(H,Li)$_{6}$Ru$_{2}$O$_{6}$ : a possible zero-field Ru$^{3+}$-based Kitaev Quantum Spin Liquid

TL;DR

This paper reports the synthesis of (H,Li)$_{6}$Ru$_{2}$O$_{6}$, a honeycomb Ru$^{3+}$ system that exhibits quantum spin liquid behavior without magnetic order, showing unique low-temperature and field-dependent properties consistent with Kitaev physics.

Contribution

It introduces a new Ru-based compound that demonstrates a zero-field Kitaev quantum spin liquid state, expanding the class of materials with such exotic magnetic properties.

Findings

No static magnetic moments or spin glass phase down to 84 mK.

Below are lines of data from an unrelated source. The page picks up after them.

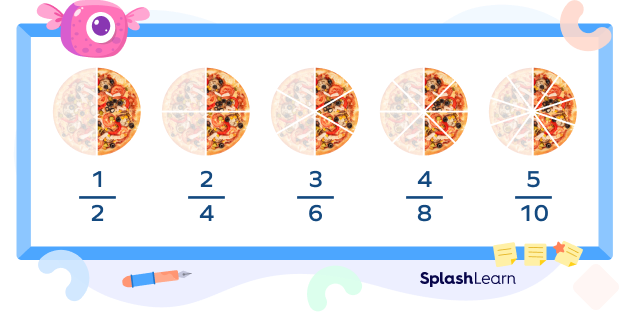 Simplest form and equivalent fractions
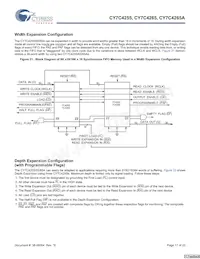 CY7C4255-15AXC Datasheet Page 17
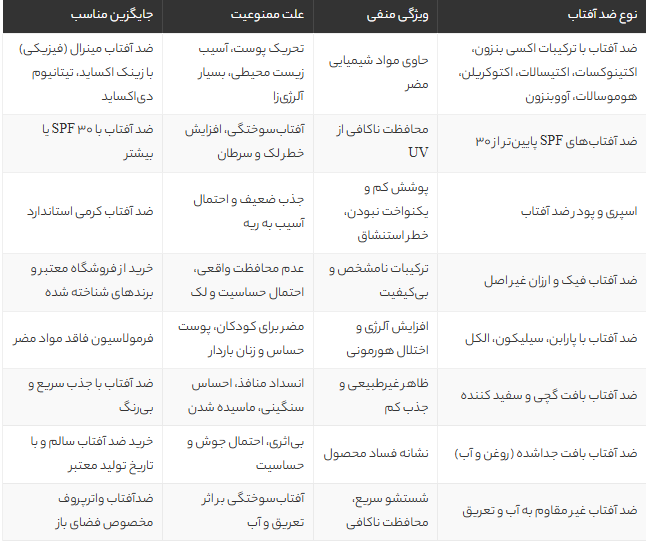 ۸ ویژگی کرم ضد آفتاب ممنوعه که هرگز نباید بخرید! (راهنمای خرید ضد آفتاب سالم و اصل)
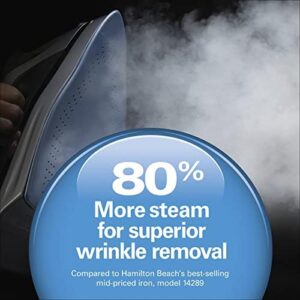 Hamilton Beach Steam Iron & Vertical Steamer for Clothes with Scratch-Resistant Durathon Soleplate, Digital Temperature Control, 8’ Retractable Cord, 3-Way Auto Shutoff, Anti-Drip, 1700 Watts, Silver - Image 3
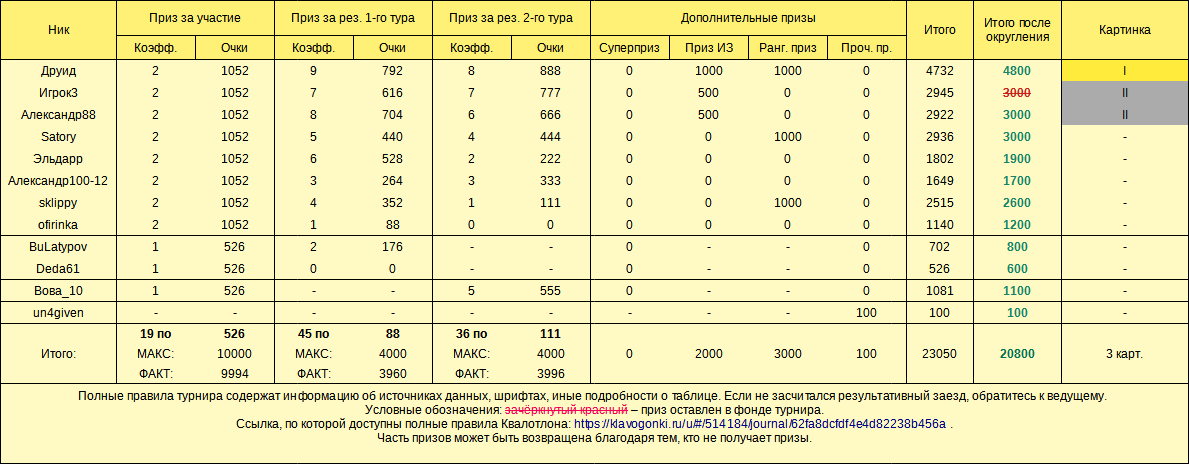 Квалотлон №111, призовой фонд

Evidence of a crossover to a liquid-like state below 40 K.

Field-dependent scaling behaviors in NMR and heat capacity.

Abstract

We report the synthesis and properties of (H,Li)$_{6}$Ru$_{2}$O$_{6}$, which is shown to be a $J_{\text{eff}}=\frac{1}{2}$ system made out of Ru$^{3+}$ moments in a honeycomb geometry. Bulk magnetization, heat capacity, nuclear magnetic resonance (NMR), and muon spin relaxation ($\mu$SR) rule out the presence of static moments or any spin glass phase down to 84 mK. All techniques suggest a crossover to a liquid-like state below about 40 K. The $^{7}$Li nuclear magnetic resonance (NMR) shift data suggest a non-zero $T$-independent spin susceptibility at low $T$. In zero field, $C_m/T$ shows $T^{-0.9}$ divergence which is consistent with vacancy-induced effects on low-energy excitations of the pristine Kitaev spin liquid. With field, power-law variations in the $^{7}$Li NMR spin-lattice relaxation rate 1/T$_{1}$ and magnetic heat capacity $C_{m}$ show quantitatively new scaling behaviors. A two-step entropy release in heat capacity is also observed putatively from $Z_{2}$ flux (low-$T$ step) and itinerant Majorana fermions (high-$T$ step). Based on these findings, we propose that (H,Li)$_{6}$Ru$_{2}$O$_{6}$ realizes a Kitaev spin liquid with no evidence of inherent magnetic ordering in zero field unlike $\alpha$-RuCl$_{3}$ where approximately $8$ Tesla field is required to suppress magnetic order.